Copy out the data below from the line containing "Insulated Drink Cooler Bag" to the line containing "CiszakDalmasFerrari/不破不立", both lines included, with all images left out.

## Source material
----------
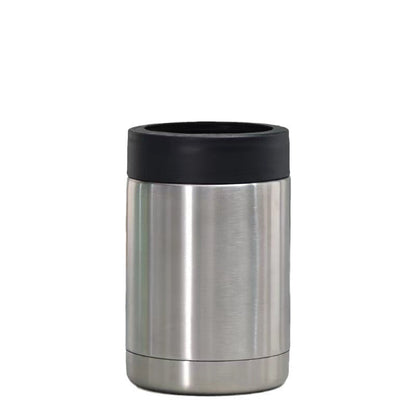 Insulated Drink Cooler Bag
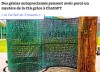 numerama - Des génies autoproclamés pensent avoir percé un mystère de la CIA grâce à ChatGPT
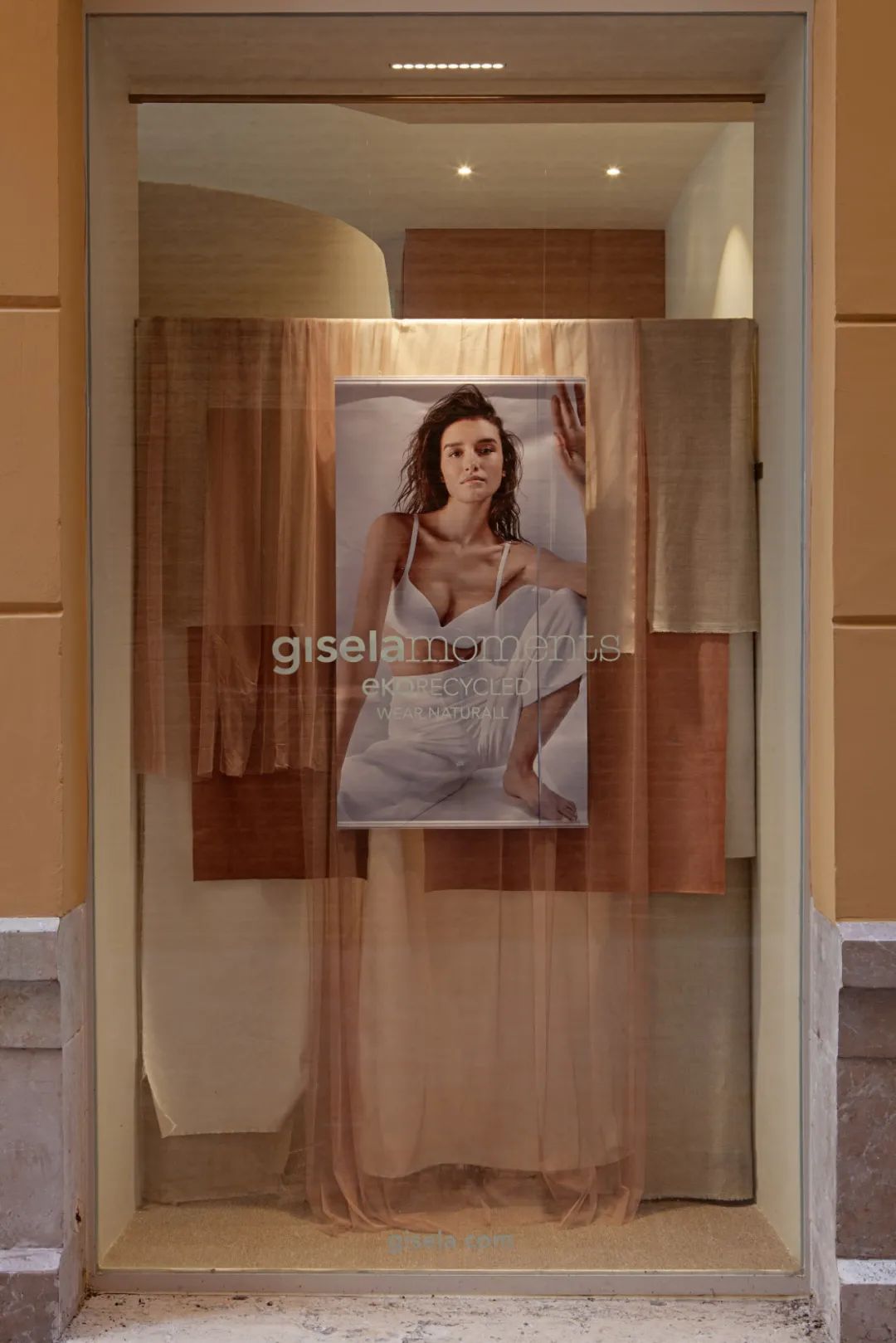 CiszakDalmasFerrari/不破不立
----------
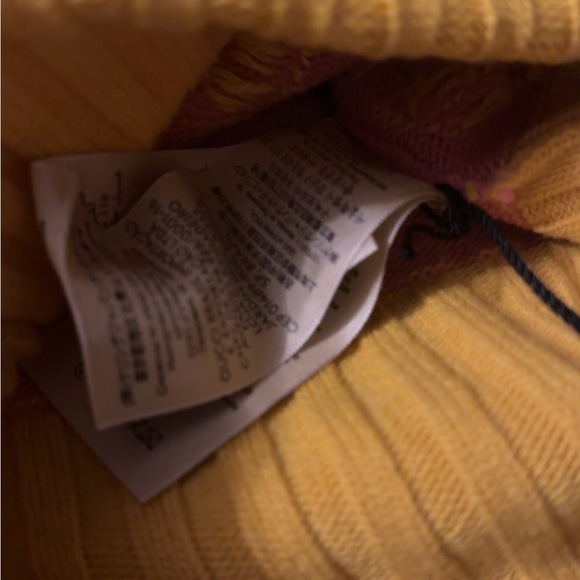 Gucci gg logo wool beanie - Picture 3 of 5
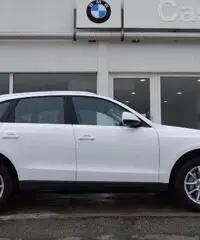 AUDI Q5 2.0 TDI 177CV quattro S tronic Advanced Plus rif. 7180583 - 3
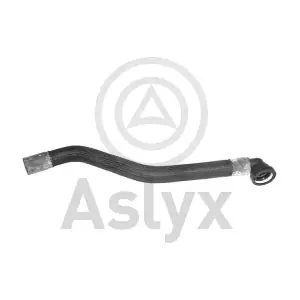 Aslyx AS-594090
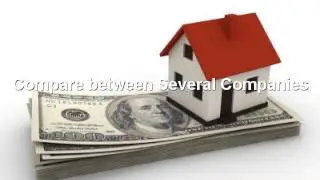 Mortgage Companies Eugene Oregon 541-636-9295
----------
## Answer to this exercise
 Insulated Drink Cooler Bag
 numerama - Des génies autoproclamés pensent avoir percé un mystère de la CIA grâce à ChatGPT
 CiszakDalmasFerrari/不破不立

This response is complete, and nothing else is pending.